I have an untidy DataFrame of Tweet objects. There are two columns that contain lists: hashtags and expanded_urls. I'm trying to follow tidy data principles by keeping only 1 value at a row/column index.
EDIT: This question was marked as a duplicate of this answer, which simply splits the list into more columns. That doesn't work for me because there could be a variable number of hashtags in 1 tweet.
Here's a sample of my tweet DataFrame:
-----------------------------------------------------------
tweet_id | hashtags       | expanded_urls
-----------------------------------------------------------
  123    | ['lol','bff']  | ['fakeurl.com']
  124    | []             | ['url1.io', 'url2.expanded.co']
There's two possible ways I could go about tidying this data.
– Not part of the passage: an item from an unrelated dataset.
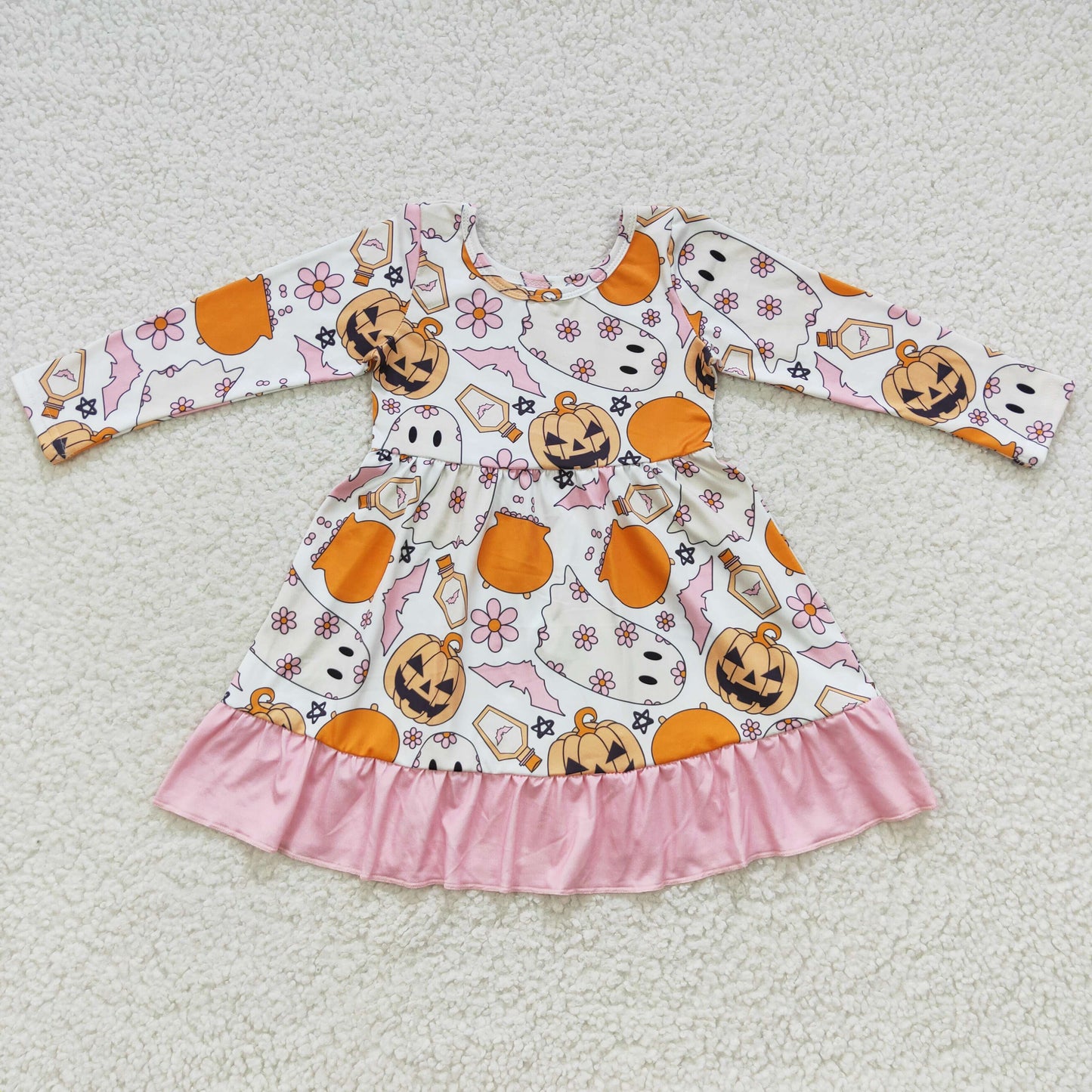 GLD0244 Baby Girl Long Sleeves Halloween Ghost Pumpkin Floral Dress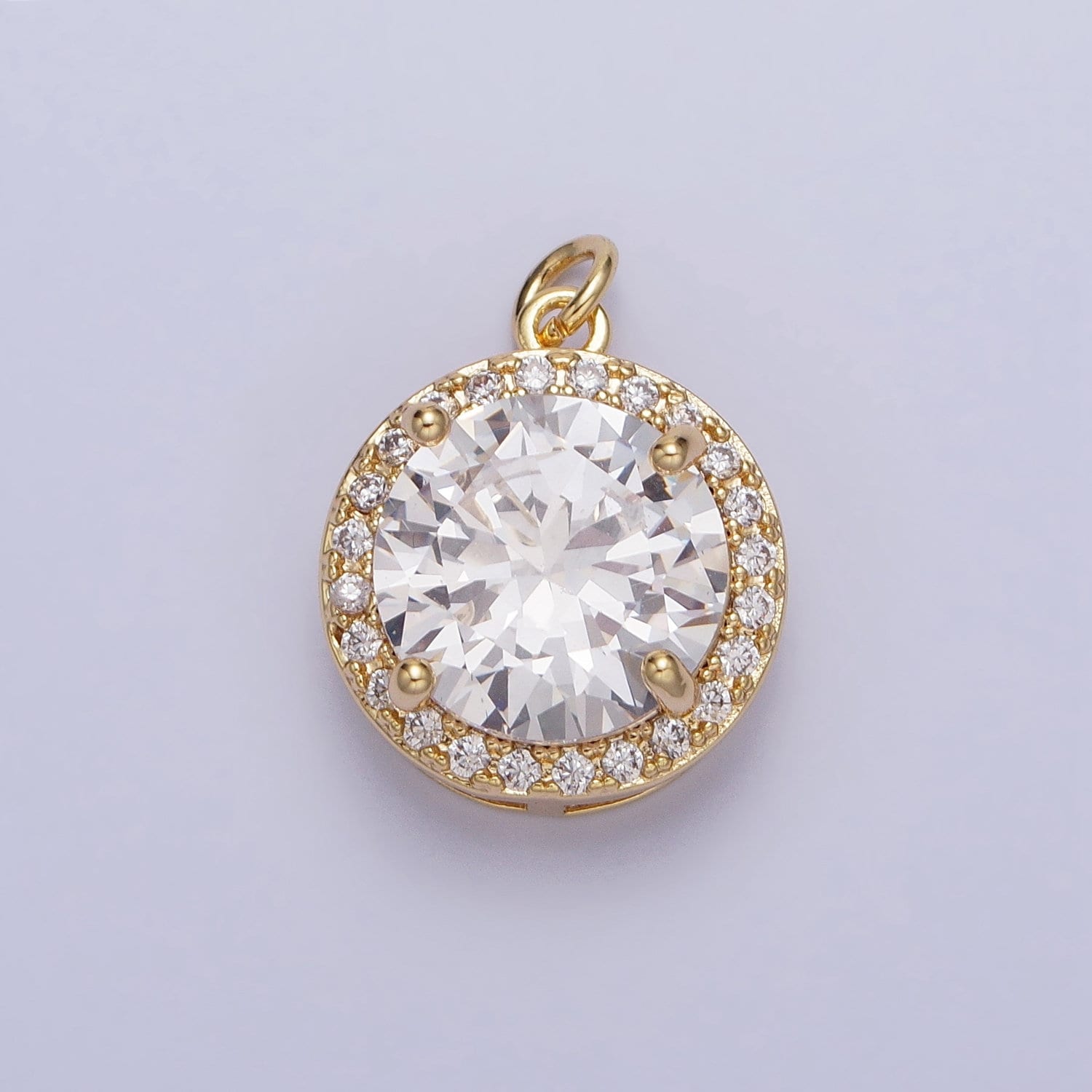 Mini Gold, Silver Circle Rounded Micro Paved Solitaire CZ Add-On Charm for Necklace Bracelet Earring Component | AC391 AC392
1: Simply add new rows to the DataFrame with almost all row contents copied over:
---------------------------------------------
tweet_id | hashtag   | expanded_url
---------------------------------------------
  123    | 'lol'    | 'fakeurl.com'
  123    | 'bff'    | 'fakeurl.com'
  124    | ''       | 'url1.io'
  124    | ''       | 'url2.expanded.io'
I don't think this would be very efficient, especially because there would be many insert/append operations. However, having a single DataFrame to pass into a single scikit-learn model would make things very simple.
2: Create 2 new DataFrames:
The first would be hashtags with their corresponding tweet_ids:
------------------
tweet_id | hashtag
------------------
123      | `lol`
123      | `bff`
The other would be urls with their corresponding tweet_ids: 
------------------
tweet_id | url
------------------
123      | `fakeurl.com`
124      | `url1.io`
124      | `url2.expanded.co`
This seems cleaner, but I'm not entirely sure how I would modify the original DataFrame; would I just drop the corresponding columns and keep 3 separate tables? Is there a good way of merging these 3 DataFrames into 1, or would I have to do a separate lookup every time I wanted to know which hashtags are associated with a tweet?